I went to school in the 70’s (say nothing Vicus, it was a fine vintage) and the class sizes were 40-45. It didn’t stop anyone passing exams (which were not just a test of memory, thankyou), however, one difference was that if you disrupted the class you got a board rubber thrown at your head.
And applied maths and physics should be outlawed? No. Degrees in ghostbusting and surfing should be outlawed.
Yes there is certainly a discipline issue, especially in Secondary school, though it does carry over in to post 16 education. This it really why large class sizes are such a big issue in my experience. If classes were smaller then students could me more engaged and then maybe we could set harder exams. There does also need to be more deferentiation of ablity in the exam grades.
When I was at school many years ago in Scotland a fixed percentage of candidates got an A grades (I think 10%) so at least potential employees had a fair idea of our relative standing. Perhapes not a perfect system bur surley better than having a huge range of abilities all getting the same grade.
In the late 60s my dad got into Oxford university with two Ds and an E
Probably because he passed the entrance exam, which was difficult (people with three ‘A’s were known to fail, though that was not common).
You wouldn’t have got into a Russell group uni in the 60s on the basis of two Ds and an E, though that might have been possible in unpopular subjects.
I don’t know about now, but in the 60s and 70s, there were vast differences in the qualifications required for different subjects. When I went to University the two that required the highest grades were English Literature and Accounting (the second because Accountancy paid really well in 1969; the salaries slumped when all the accounting graduates left uni in 1972-1973). On the other hand it was generally recognized that it was easier to get a high grade in an Arts subject than a Science one.
Now I shouldn’t be criticizing grade inflation too much today, as I’ve just been told that a university exam I set the students did yesterday, had a much higher mean mark than usual.
“But it was the same exam as two years ago (a Listening exam so no chance the students had old copies).”
“But the results were much lower two years ago.”
“Ah, perhaps that’s because we’re teaching them better.”
“Nope; I reckon it’s because the guy on the new tape didn’t speak as fast.”
Is it not possible that students are simply ‘getting smarter’? And that they are now being victimised for their higher levels of intelligence and understanding, so that they are seen to be having an easier time of it, so to speak?
I was in the first year group to take the AS/A2 exams amd I can reveal that they were the easiest exams I have ever sat. You can take any of the modules again until you get a decent mark and swap modules around from your AS to A2 qualification, again until the best result is obtained.

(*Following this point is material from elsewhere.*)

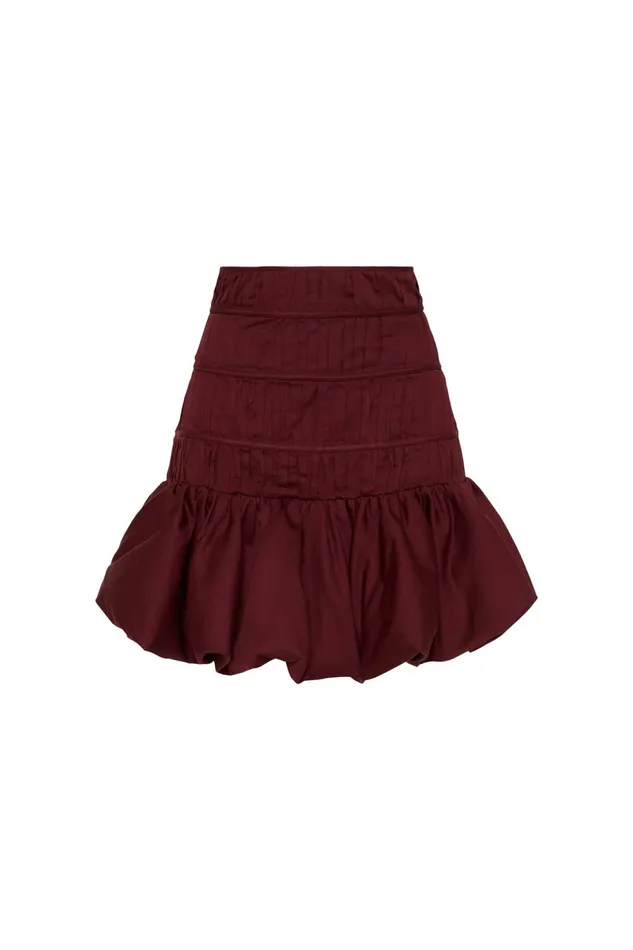 Women La Vie Bubble Mini Skirt Chestnut Red Aje Skirts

As for university, the supposed height of education, you can quite happily do nothing all year, revise for a week or two and end up with 60-80% easily. I didn’t think it was possible to revise a whole year’s worth university standard syllabus in a matter of days and pass let alone achieve a first!Things need to be made harder, I study Physics and there are people on my course still struggling with basic calculus. Things need to be taught properly and without one eye on the exam at the end of the year!!